In order to replace empty string value with NULL on Spark DataFrame use when().otherwise() SQL functions. In this article, I will explain how to replace an empty value with null on a single column, all columns, selected list of columns of DataFrame with Scala examples.
Related: How to get Count of NULL, Empty String Values in Spark DataFrame
Let’s create a DataFrame with empty values on some rows.
val data = Seq(("","CA"), ("Julia",""),("Robert",""),("","NJ"))
import spark.sqlContext.implicits._
val df = data.toDF("name","state")
df.show()
//+------+-----+
//| name|state|
//+------+-----+
//| | CA|
//| Julia| |
//|Robert| |
//| | NJ|
//+------+-----+
Spark Replace Empty Value with NULL
In order to replace empty value with null on single DataFrame column, you can use withColumn() and when().otherwise() function.
//Replace empty string with null value
import org.apache.spark.sql.functions.{col,when}
df.withColumn("name",
when(col("name")==="" ,null)
.otherwise(col("name")))
.show()
//+------+-----+
//| name|state|
//+------+-----+
//| null| CA|
//| Julia| |
//|Robert| |
//| null| NJ|
//+------+-----+
Replace Empty Value with NULL on All DataFrame Columns
To replace an empty value with null on all DataFrame columns, use df.columns
to get all DataFrame columns as Array[String]
, loop through this by applying conditions and create an Array[Column]
.
(colon underscore star) :_* is a Scala operator which “unpacked” as a Array[Column]*.
//Replace empty string with null for all columns
def replaceEmptyCols(columns:Array[String]):Array[Column]={
columns.map(c=>{
when(col(c)==="" ,null).otherwise(col(c)).alias(c)
})
}
df.select(replaceEmptyCols(df.columns):_*).show()
//+------+-----+
//| name|state|
//+------+-----+
//| null| CA|
//| Julia| null|
//|Robert| null|
//| null| NJ|
//+------+-----+
Replace Empty Value with NULL on Selected Columns
Similarly, you can also replace a selected list of columns, specify all columns you wanted to replace in a list and pass that list to replaceEmptyCols()
funciton.
//Replace empty string with null on selected columns
val selCols=List("name","state")
df.select(replaceEmptyCols(selCols.toArray):_*).show()
Complete Example
Following is a complete example of replace empty value with null.

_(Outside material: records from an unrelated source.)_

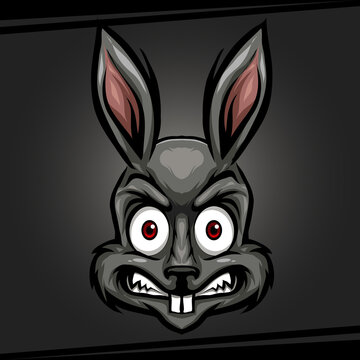 head rabbit angry animal mascot for sports and esports logo vector illustration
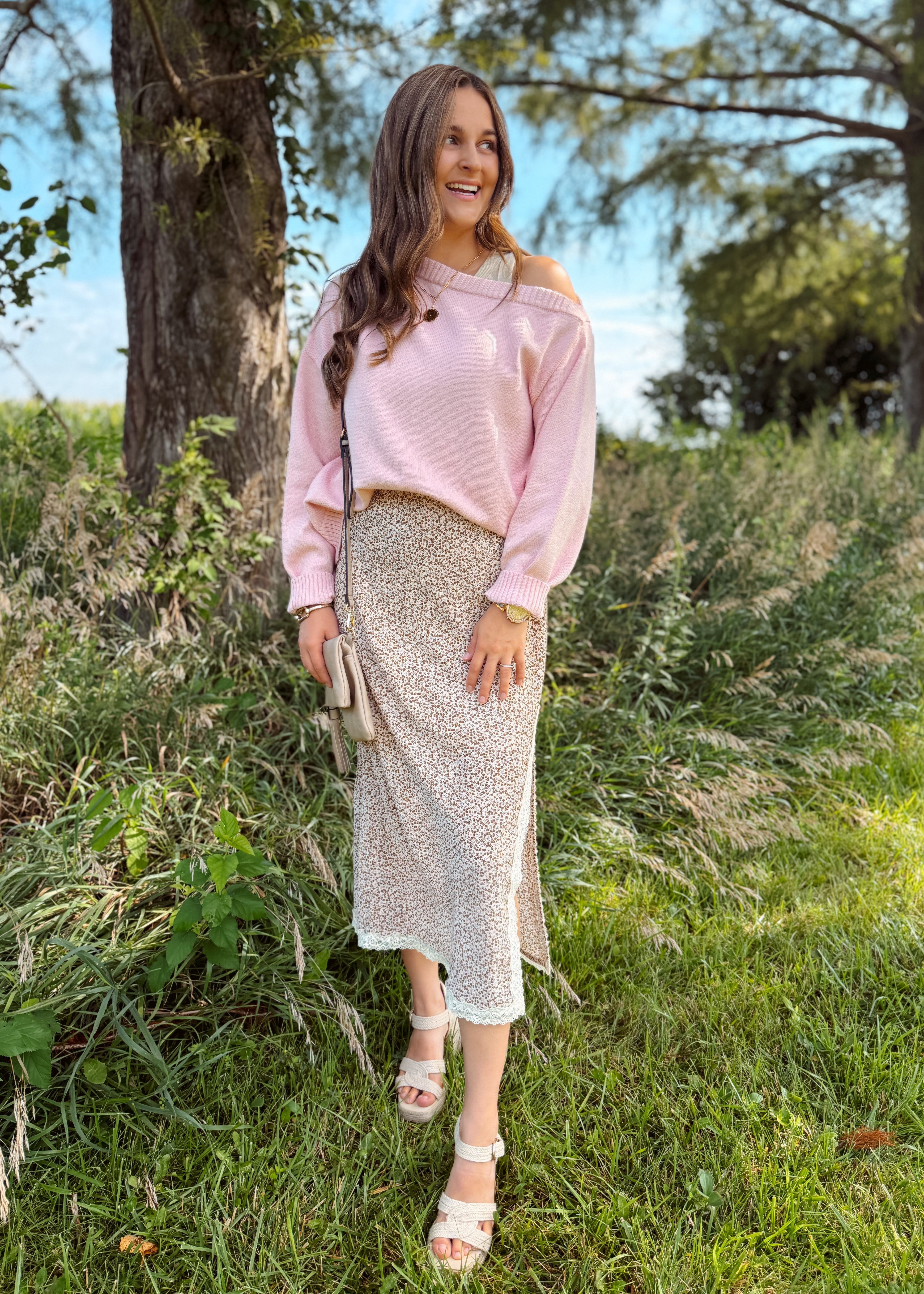Happiness Trails Boutique - Mocha/pink floral midi skirt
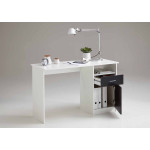 Paris Prix Bureau Design 1 Porte & 1 Tiroir "Sonka" 123cm Blanc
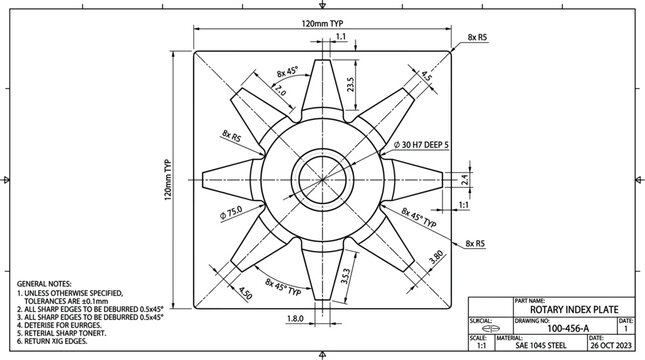 Industrial mechanical rotary index plate engineering drawing with precision dimensions and technical manufacturing blueprint illustration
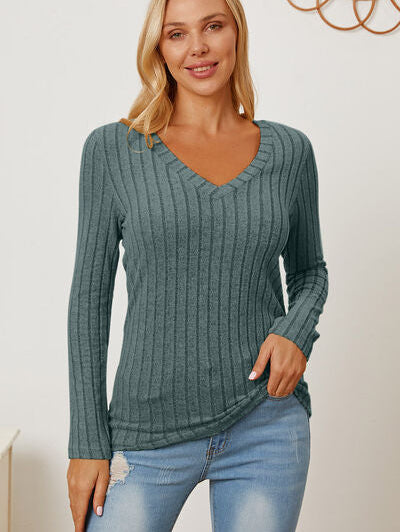 Basic Bae Full Size Ribbed V-Neck Long Sleeve T-Shirt - Stormyjay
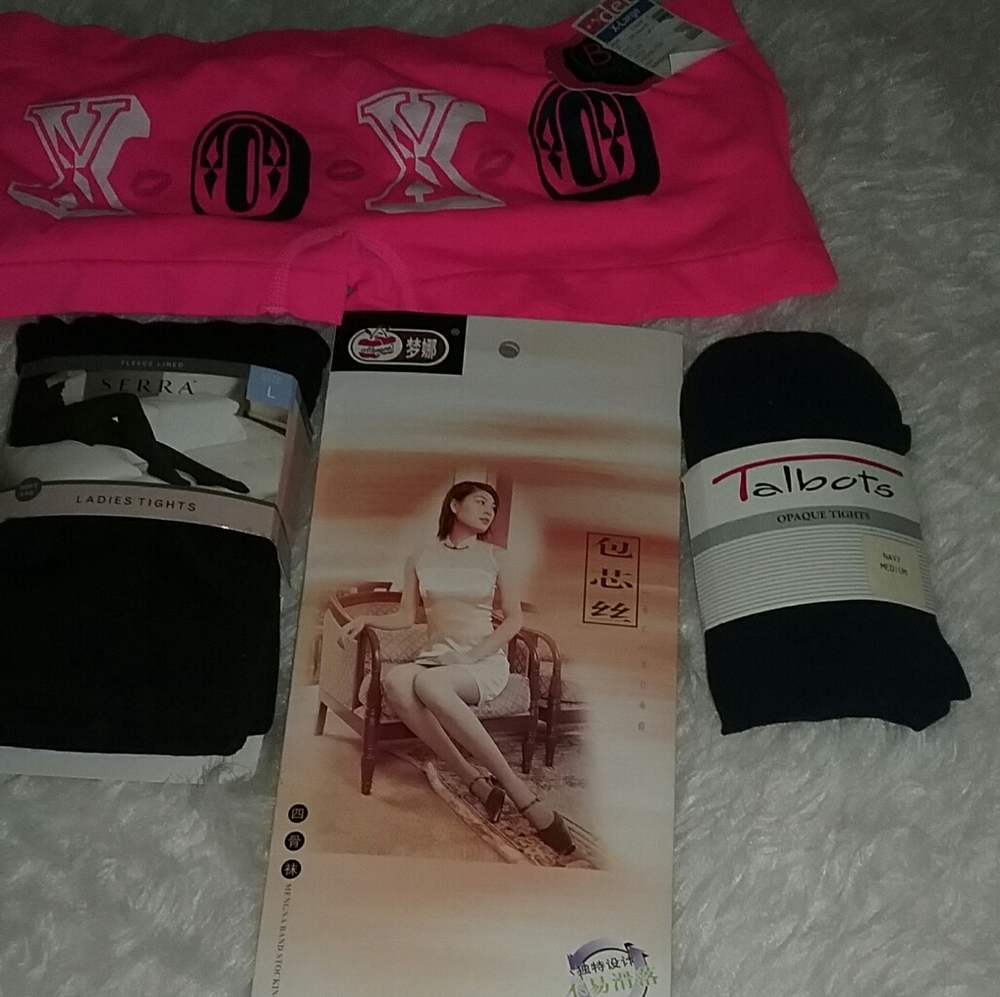 XL underwear pink,Navy sz m ,Blk thighs sz large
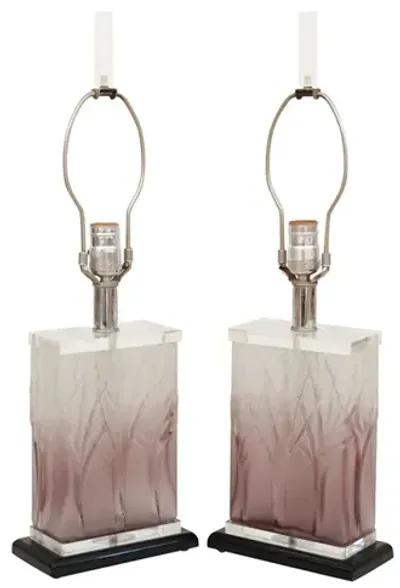 Purple Lucite Table Lamps - a Pair - Interesting Things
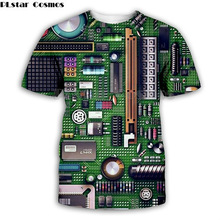 2021跨境亞馬遜新款電路主板個性3D印花男式短袖圓領T恤  可訂制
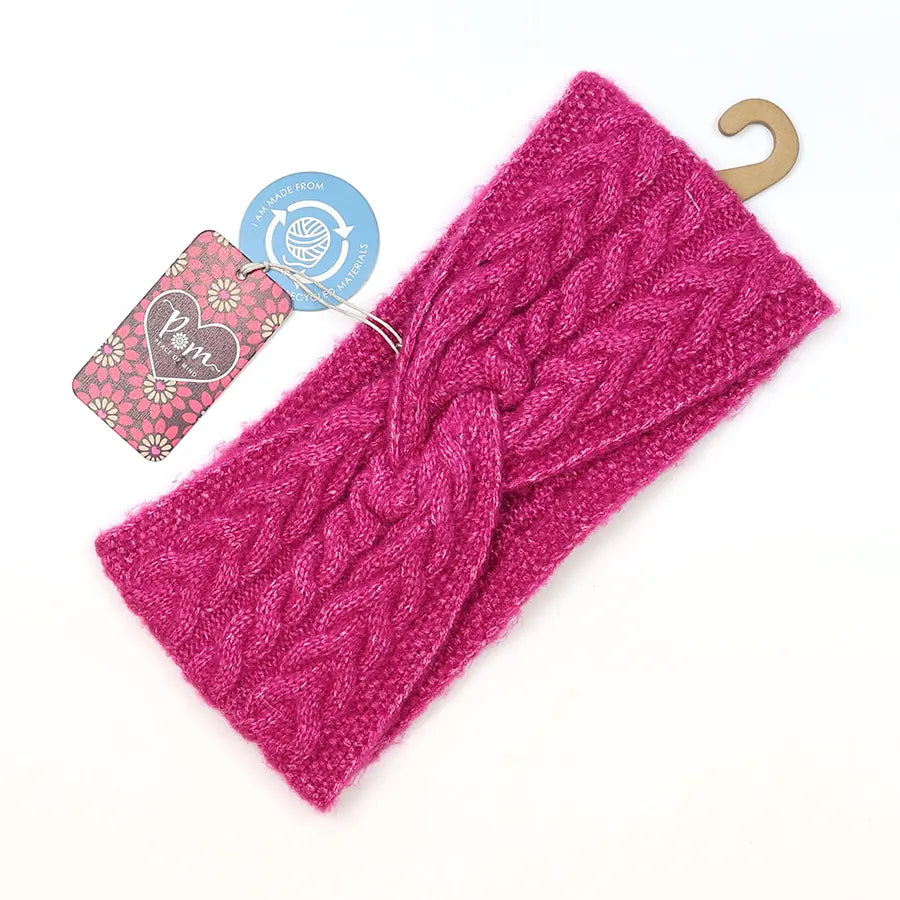 Herringbone Twist Headband - Cerise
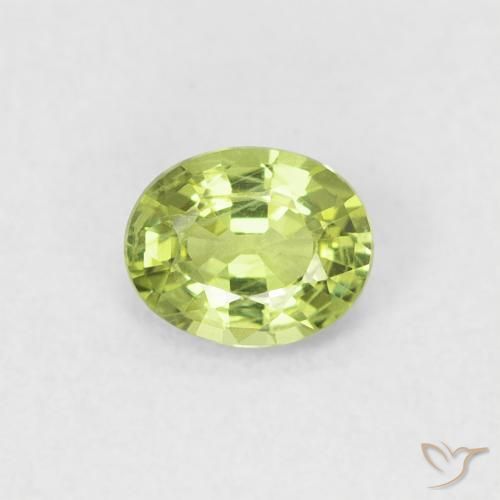 0.40ct Натуральный Лаймово-зеленый Сапфир, Овал, Чистота VS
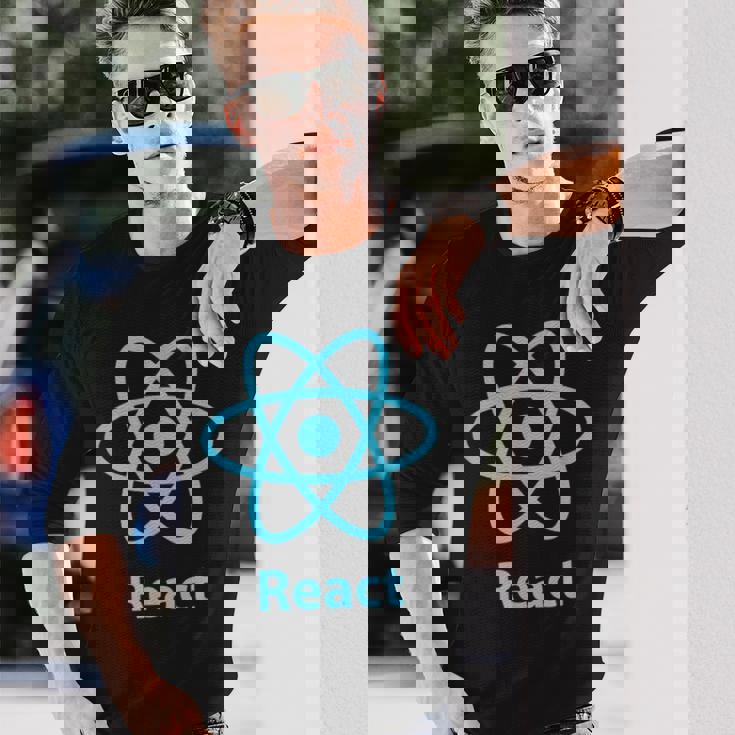 Reactjs ReactJs 公式ロゴ Javascript フレームワーク 長袖Tシャツ 彼への贈り物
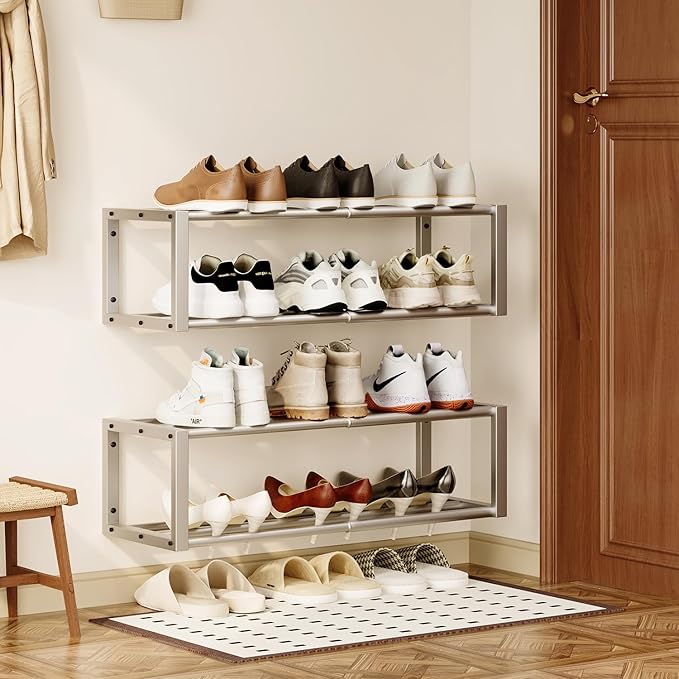 Hanging Shoe Organizer, 2 Pack Wall Mounted Shoe Rack Holds 12 Pairs, Silver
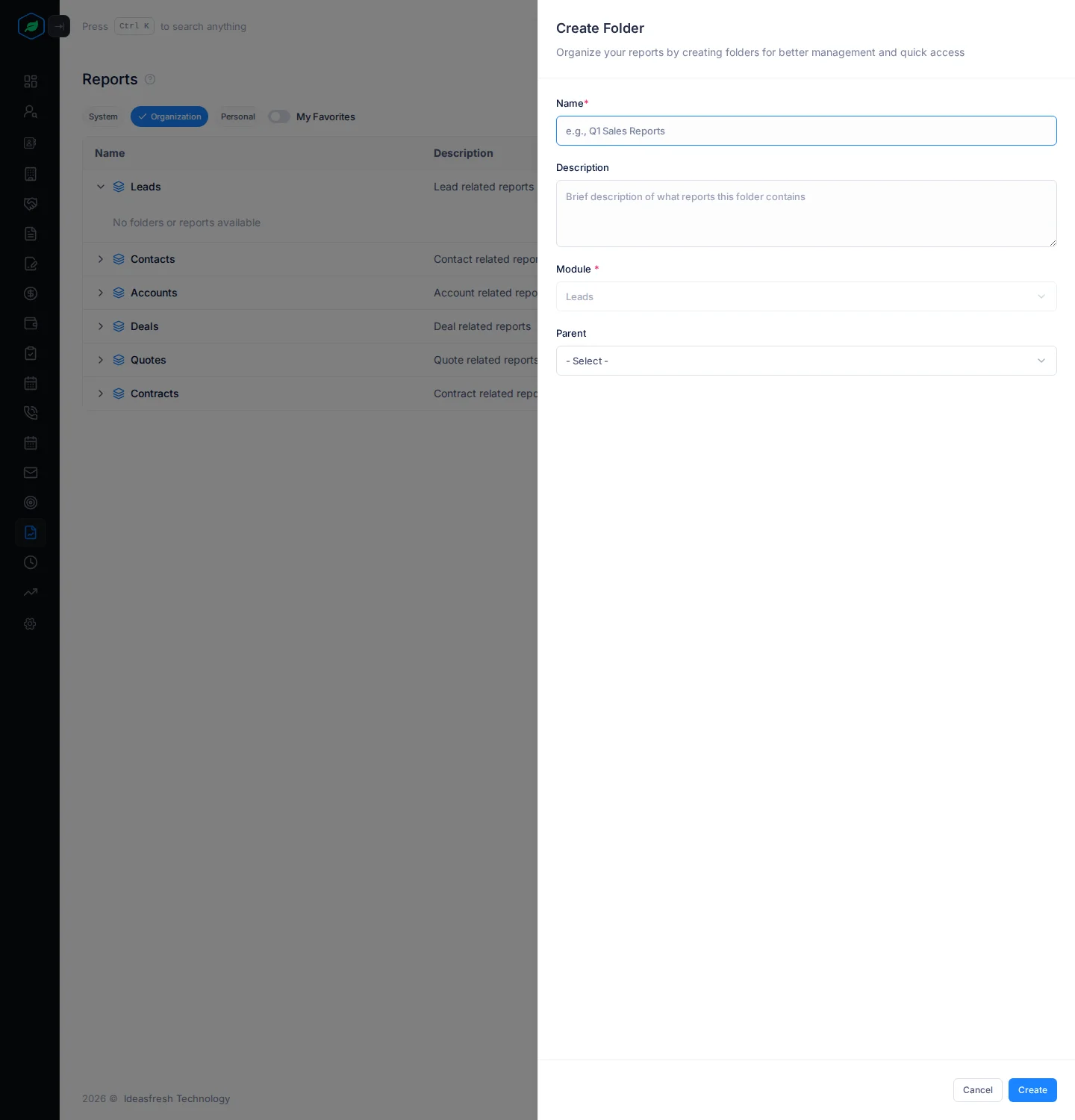 The Create Folder panel with Name, Description, Module and Parent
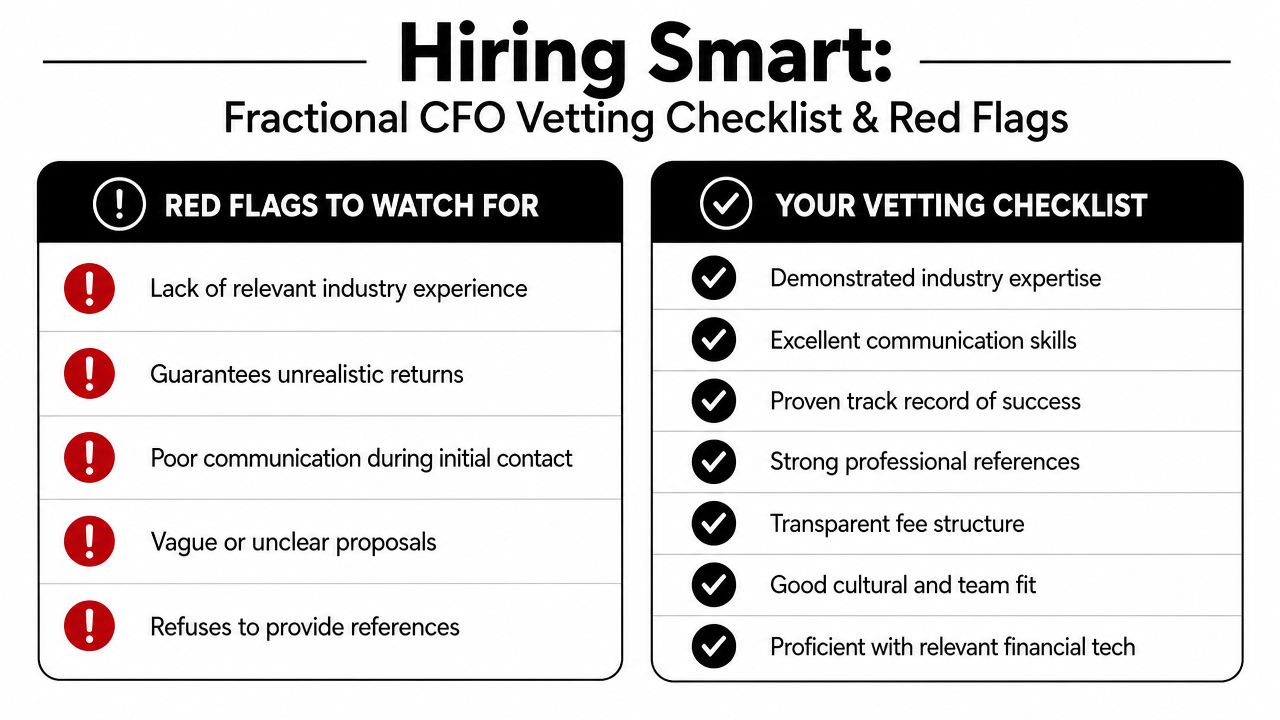A checklist comparison guide for hiring a fractional CFO, highlighting key red flags and vetting criteria.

import org.apache.spark.sql.{Column, SparkSession}
object SparkReplaceEmptyNull extends App{
val spark: SparkSession = SparkSession.builder()
.master("local[1]")
.appName("SparkByExamples.com")
.getOrCreate()
val data = Seq(("","CA"), ("Julia",""),("Robert",""),("","NJ"))
import spark.sqlContext.implicits._
val df = data.toDF("name","state")
df.show()
//Replace empty string with null value
import org.apache.spark.sql.functions.{col,when}
df.withColumn("name",
when(col("name")==="" ,null)
.otherwise(col("name")))
.show()
//Replace empty string with null for all columns
def replaceEmptyCols(columns:Array[String]):Array[Column]={
columns.map(c=>{
when(col(c)==="" ,null).otherwise(col(c)).alias(c)
})
}
df.select(replaceEmptyCols(df.columns):_*).show()
//Replace empty string with null on selected columns
val selCols=List("name","state")
df.select(replaceEmptyCols(selCols.toArray):_*).show()
}
Conclusion
In summary, you have learned how to replace empty string value with NULL on single, all and selected DataFrame columns using Scala example.